= Supplied data =
========================================
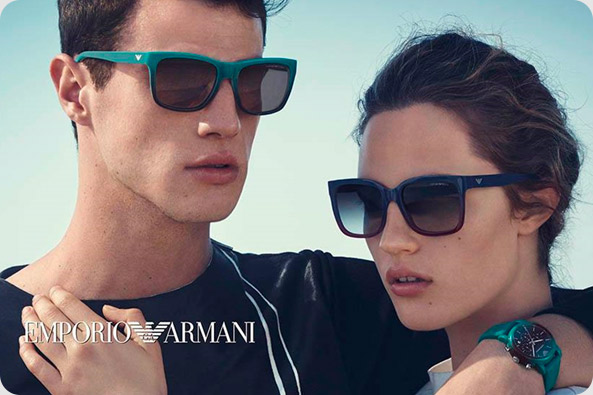 Da VisionOttica Freddio gli unici e senza tempo occhiali Emporio Armani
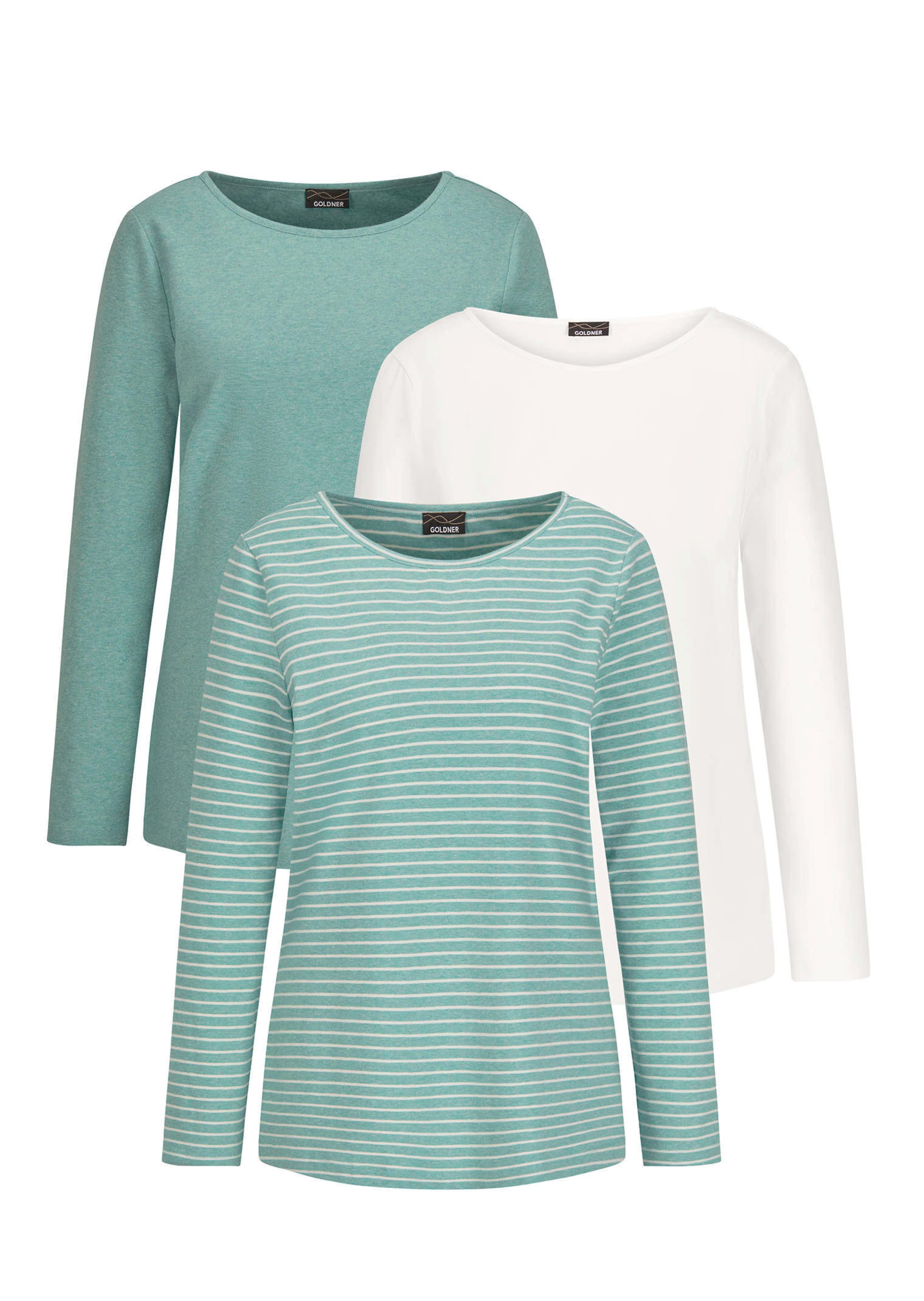 Shirt im 3er-Pack aus Baumwoll-Jersey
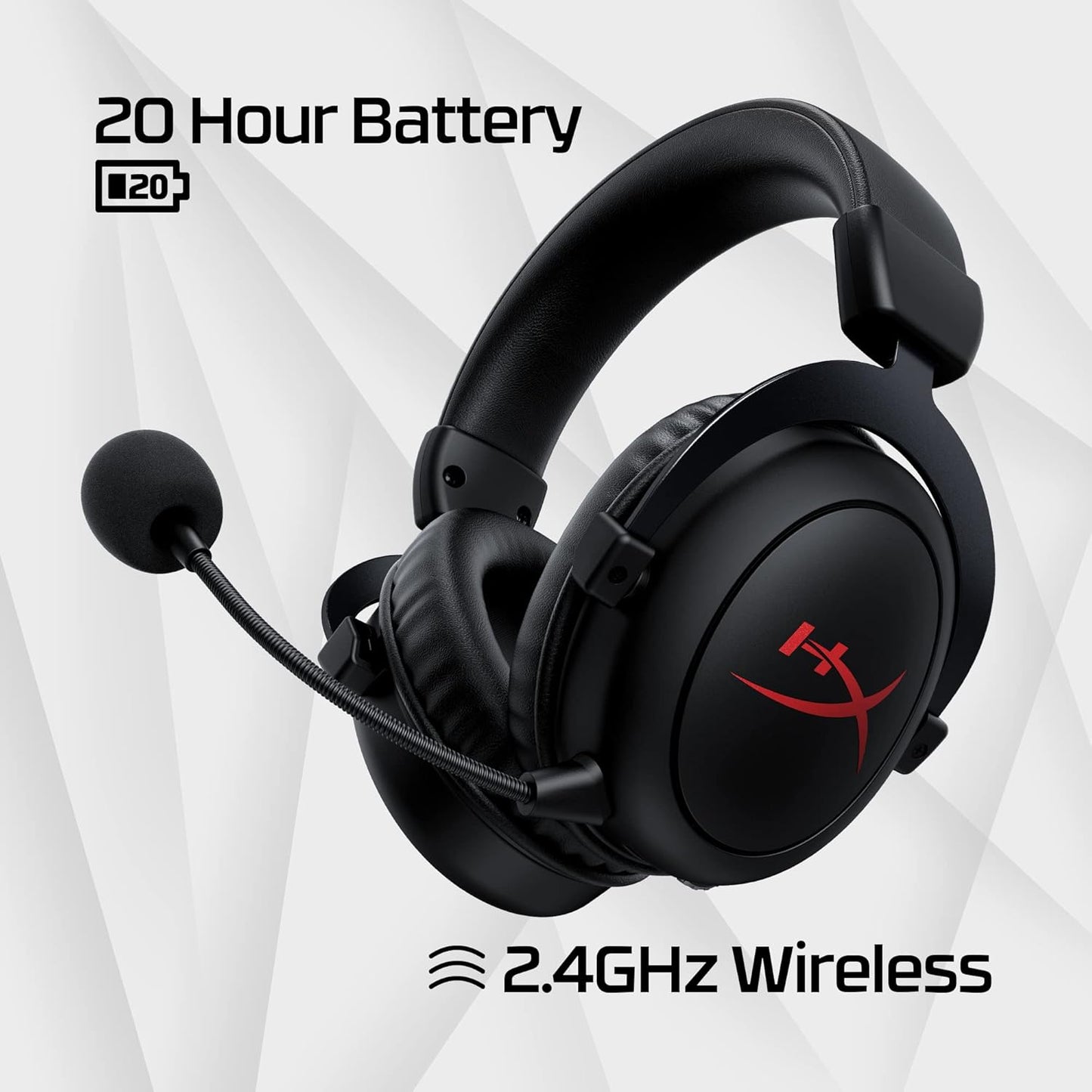 OPEN BOX HyperX Cloud Core Wireless Gaming On Ear Headset with DTS Headphone:X Spatial Audio (Black)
========================================
= Work to be completed =
Hand back the data exactly as it appears, with all pictures cut.

= Answer to the exercise =
 Da VisionOttica Freddio gli unici e senza tempo occhiali Emporio Armani
 Shirt im 3er-Pack aus Baumwoll-Jersey
 OPEN BOX HyperX Cloud Core Wireless Gaming On Ear Headset with DTS Headphone:X Spatial Audio (Black)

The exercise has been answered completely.